EXERCISE AIM: Would you return the complete listing below word for word?

SOURCE RECORDS:
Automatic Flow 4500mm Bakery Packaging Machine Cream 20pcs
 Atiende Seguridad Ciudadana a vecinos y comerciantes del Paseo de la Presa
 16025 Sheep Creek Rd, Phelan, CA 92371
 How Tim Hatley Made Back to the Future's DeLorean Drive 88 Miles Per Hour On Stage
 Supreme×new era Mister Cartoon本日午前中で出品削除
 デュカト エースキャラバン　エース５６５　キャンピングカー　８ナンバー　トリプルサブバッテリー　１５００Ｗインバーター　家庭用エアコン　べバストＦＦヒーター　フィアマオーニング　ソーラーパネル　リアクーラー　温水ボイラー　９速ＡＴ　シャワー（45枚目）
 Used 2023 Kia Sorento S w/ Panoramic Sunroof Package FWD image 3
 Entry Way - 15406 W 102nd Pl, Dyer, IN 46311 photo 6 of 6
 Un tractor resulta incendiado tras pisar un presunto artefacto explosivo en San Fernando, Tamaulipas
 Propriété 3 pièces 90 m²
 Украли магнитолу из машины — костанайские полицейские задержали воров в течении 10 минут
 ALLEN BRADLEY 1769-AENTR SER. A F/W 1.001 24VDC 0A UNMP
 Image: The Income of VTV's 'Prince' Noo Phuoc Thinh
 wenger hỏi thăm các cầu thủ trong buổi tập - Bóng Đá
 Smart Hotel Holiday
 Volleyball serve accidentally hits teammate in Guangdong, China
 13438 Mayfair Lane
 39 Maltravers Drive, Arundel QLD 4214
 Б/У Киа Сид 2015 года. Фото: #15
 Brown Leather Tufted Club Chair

OUTPUT BELOW:
Automatic Flow 4500mm Bakery Packaging Machine Cream 20pcs
 Atiende Seguridad Ciudadana a vecinos y comerciantes del Paseo de la Presa
 16025 Sheep Creek Rd, Phelan, CA 92371
 How Tim Hatley Made Back to the Future's DeLorean Drive 88 Miles Per Hour On Stage
 Supreme×new era Mister Cartoon本日午前中で出品削除
 デュカト エースキャラバン　エース５６５　キャンピングカー　８ナンバー　トリプルサブバッテリー　１５００Ｗインバーター　家庭用エアコン　べバストＦＦヒーター　フィアマオーニング　ソーラーパネル　リアクーラー　温水ボイラー　９速ＡＴ　シャワー（45枚目）
 Used 2023 Kia Sorento S w/ Panoramic Sunroof Package FWD image 3
 Entry Way - 15406 W 102nd Pl, Dyer, IN 46311 photo 6 of 6
 Un tractor resulta incendiado tras pisar un presunto artefacto explosivo en San Fernando, Tamaulipas
 Propriété 3 pièces 90 m²
 Украли магнитолу из машины — костанайские полицейские задержали воров в течении 10 минут
 ALLEN BRADLEY 1769-AENTR SER. A F/W 1.001 24VDC 0A UNMP
 Image: The Income of VTV's 'Prince' Noo Phuoc Thinh
 wenger hỏi thăm các cầu thủ trong buổi tập - Bóng Đá
 Smart Hotel Holiday
 Volleyball serve accidentally hits teammate in Guangdong, China
 13438 Mayfair Lane
 39 Maltravers Drive, Arundel QLD 4214
 Б/У Киа Сид 2015 года. Фото: #15
 Brown Leather Tufted Club Chair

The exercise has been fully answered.